Today, if you are born as a Dalit, you may be made to sit separately from the upper-caste students in even government schools in rural India. In some parts of the country, you may still not be allowed to drink from the same water-pot as your upper-class classmates. If you are a woman, you have a higher chance of being raped, being forced into prostitution, and having a lower life expectancy. If you are born as a Dalit today, there are higher chances of you being the victim of crime and also (or maybe even because of that) you are more likely to be forced into crime. If caught, you are more likely to be convicted, and end up in a jail where 1 in every 3 people is also a Dalit. Putting a bunch of city kids born to Dalit parents into IIT or IIM, isn't going to erase the problems that almost 20 crore Dalits experience in the villages of India everyday.

 

Why does representation in the executive matter? Because that’s exactly how the British had effectively appeased India, without ever really losing control for over 200 years. They had controlled India through institutions and mechanisms which had, on paper, Indian members, supposedly representing Indian interests, right until 1947, when, weakened by the Second World War, they chose to leave.

Appointing a Dalit in one's cabinet of Ministers is a symbol, designed to demonstrate a party's commitment to improving the lives of Dalits in India. Ensuring that the cabinet has Hindus, Christians, Muslims and Sikhs is viewed as a symbol that demonstrates secular intent. But this is purely demonstrative tokenism until and unless actual benefits percolate down to society and render it equal.

The Bharatiya Janata Party was criticised for not giving a ticket to a single Muslim candidate in the Uttar Pradesh Assembly election. Why? If they had given one token ticket to a Muslim candidate or even five token tickets to five token candidates, would that have made any difference to their track record, or to the fate of Muslims in general?

 

Have the Politics of Dalit Representation solved any of the real problems that Dalits face? Unfortunately it would appear not. Under Mayawati (a vocal champion of Dalit rights) in Uttar Pradesh, crimes against Dalits went up by a significantly higher percentage than the overall increase in crime did, according to the NCRB's 2007 report . Crimes against Dalits have continued the same alarming trend under the subsequent Samajwadi government as well, and also in the neighbouring BJP-ruled Rajasthan, which would lead one to the conclusion that Dalit problems are deep-rooted and systemic. They cannot be solved by mere representation. Nor can they be solved by merely voting for someone else, in the fond hope that they will do a better job.

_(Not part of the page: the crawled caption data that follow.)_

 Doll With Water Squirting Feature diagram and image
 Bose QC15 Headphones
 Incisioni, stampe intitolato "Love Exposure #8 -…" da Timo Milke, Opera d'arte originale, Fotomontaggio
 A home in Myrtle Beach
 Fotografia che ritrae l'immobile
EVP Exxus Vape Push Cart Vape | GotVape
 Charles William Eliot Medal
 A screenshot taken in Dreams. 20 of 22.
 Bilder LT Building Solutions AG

Which brings us to the latest the Presidential Election. I would say this year’s candidate nominations elevated the charade of 'political token representation' to new heights. The most visible, least powerful, ceremonial role in Indian politics was contested between two candidates from the Dalit community. Without meaning to disrespect either of their achievements, it would seem as though their nominators believed that the biggest qualification for candidacy was their caste.

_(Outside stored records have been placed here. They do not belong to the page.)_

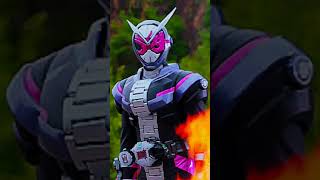 Kamen Rider 3 Vs 3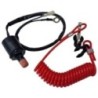Interruptor Emergencia Original Suzuki 37830-97J14-000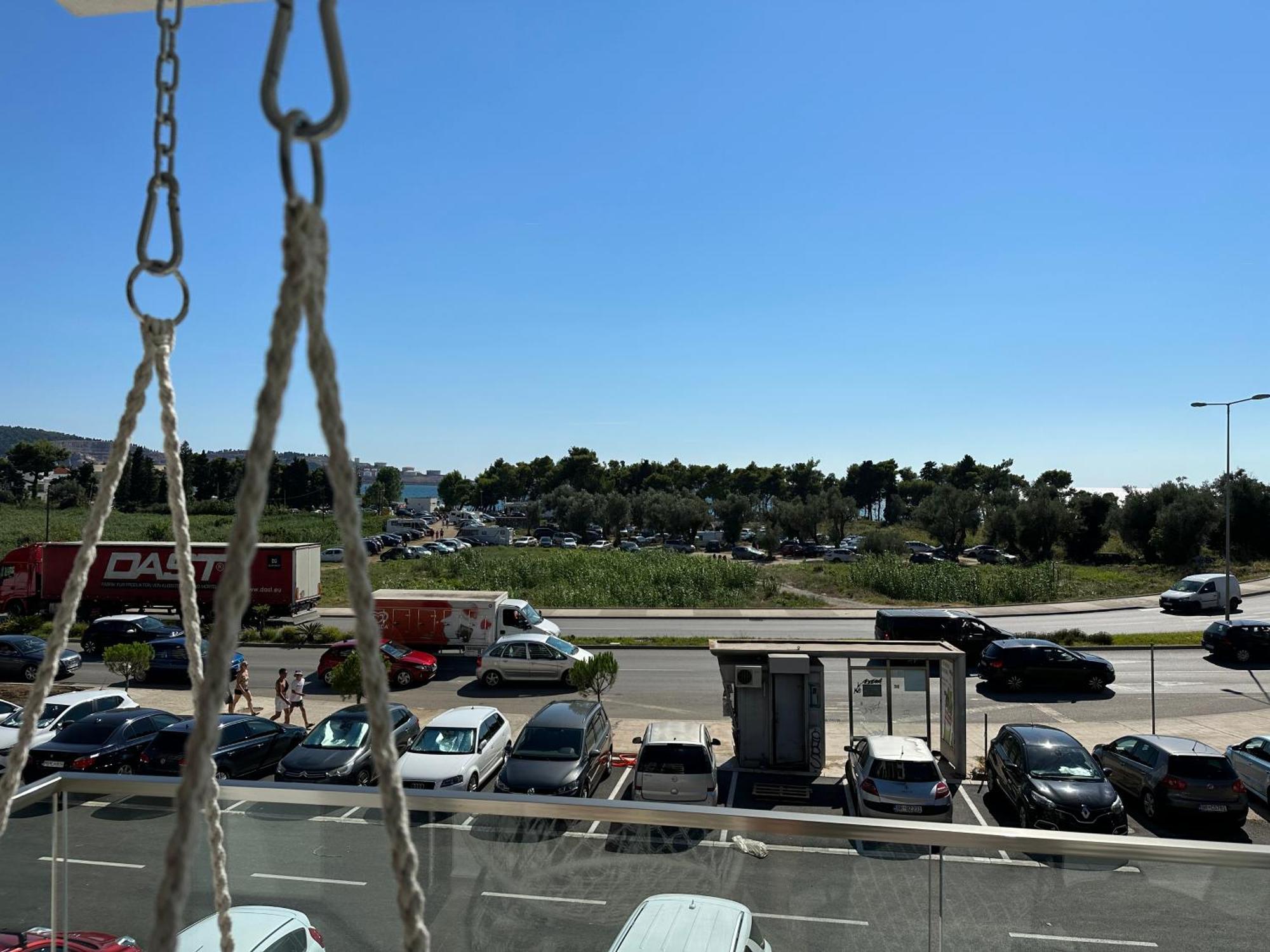 Apartman Javi Daire Bar Dış mekan fotoğraf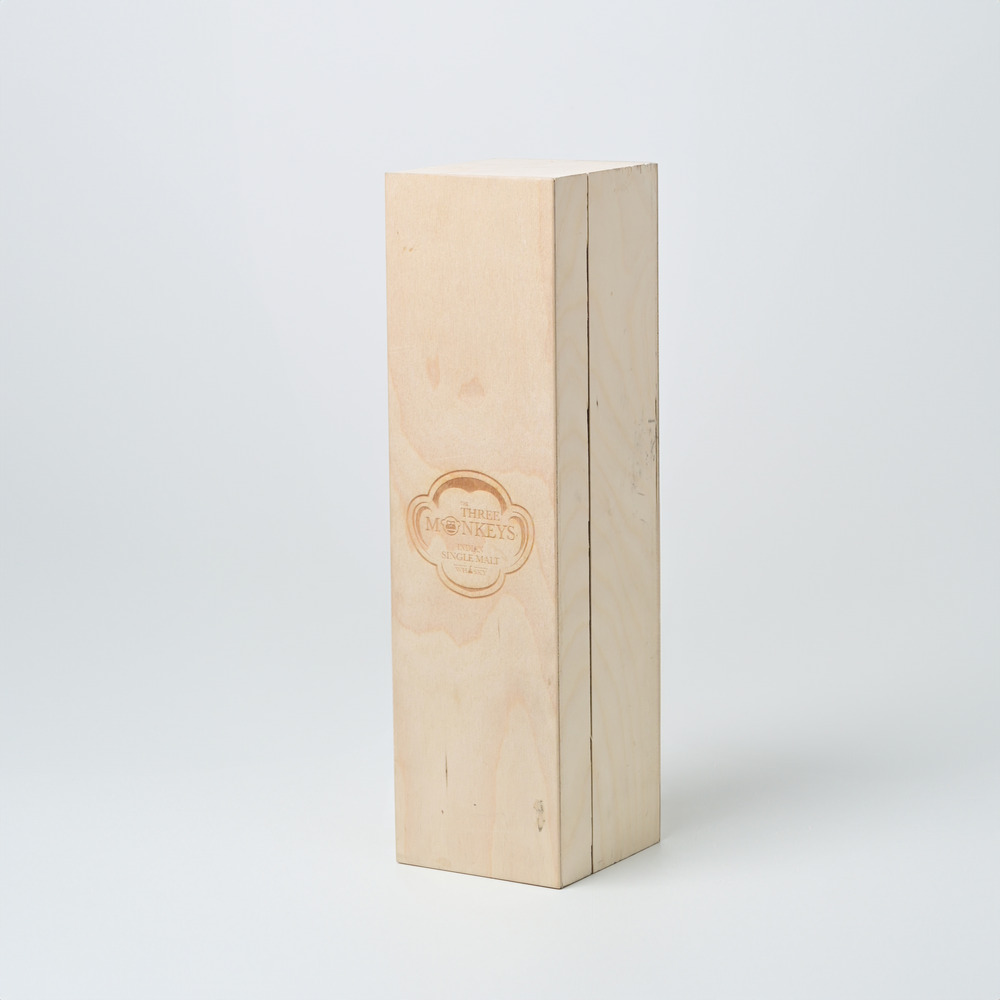 wooden jewellery box set with printing custom sizes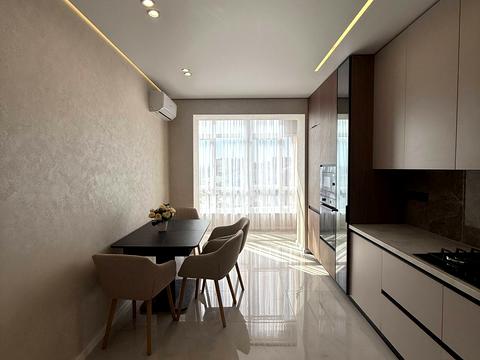 квартира за адресою Височана вул., 18 к16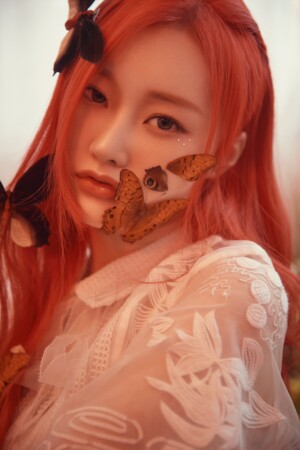 PIXY Dajeong Chapter 02: Bravery Teaser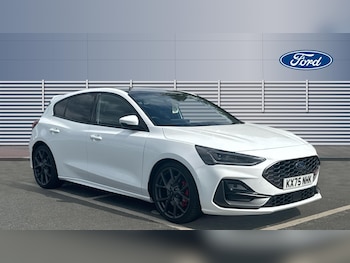 Used Ford Focus 2025 for sale - 78520431: Photo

Ram Nath Kovind has had a long career and has come a long way from his humble beginnings, but it would be fair to say that most people would never have heard of him until he was nominated. Apart from being a decent man, by all counts, as well as a loyal member of the party, his being a Dalit made him a candidate that was hard to say no to without slipping on a political banana skin. Anyone who was opposed to him could be painted as anti-Dalit, right?

Which is possibly why the opposition went on to prop up Meira Kumar, career politician and the daughter of India’s first Dalit Cabinet Minister. A life of privilege within the establishment, close proximity to the Congress high command and suddenly she is a Dalit Champion. The tokenism, and the cynicism behind it, crushes out any lingering hope that anyone in Delhi even cares about solving problems that Dalits in India face today. The sadness of the reality is that as long as easy tokenism wins votes, difficult decisions will never be made. And India’s Dalits will continue to suffer.